Also, there were other sections which were owned by independent operators. Prior to 1906 the Santa Fe Railroad owned 40 acres over the east portion of the cave.
By around 1912 the bulk of the guano had been removed and activity around the cave ceased. There were little spurts of renewed interest from time to time, but there was actually little news about the cave for several years.
In later years people have often speculated as to whether or not the great Carlsbad Caverns would ever have been discovered had it not been for the attention caused by either my father's discovery quite by chance, or from the dark clouds of bats which emanated from the cave each evening.
We know now that even if those two events had never occurred—even if there were no opening on the surface of the earth, if there were no habitation of bats, the great cave would have indeed been discovered.
And historians now like to think that the cave was actually discovered twice.
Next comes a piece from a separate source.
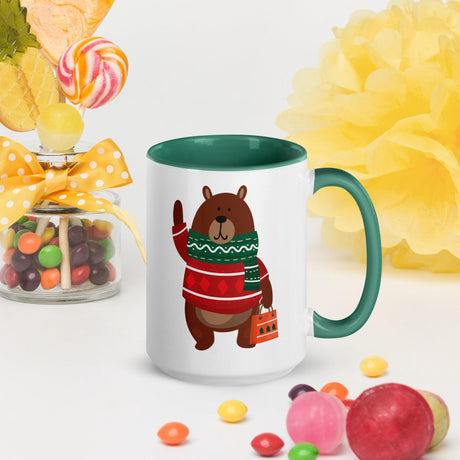 Christmas Bear (Christmas Mugs)-Christmas Mugs-Swish Embassy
The first, as we know, was when my father stumbled upon it quite by accident back in 1903. This was the discovery of the guano beds, the beauty and grandeur of the Caverns being secondary at that time.
Then came what historians have since called "the rediscovery!"
And it, like the first discovery almost 20 years before, came about quite by accident!
At the end of, and immediately following, the first World War, around 1919 and 1920, the United States Government Commission of Reclamation was constructing several dams along the Pecos River some 20 miles east of the site of the big Bat Cave. The purpose of the dams was to impound river water for irrigation of the surrounding agricultural lands.
But for some strange reason the dams didn't seem to be doing any good. The water seemed to disappear underground. The Commission felt it was useless to consider the construction of any more dams in the area until the mystery could be cleared up.
They took the matter up with the U. S. Geological Survey, and again the question was unanswered. It seemed strange that the water could not be held and used to irrigate the surrounding farm lands.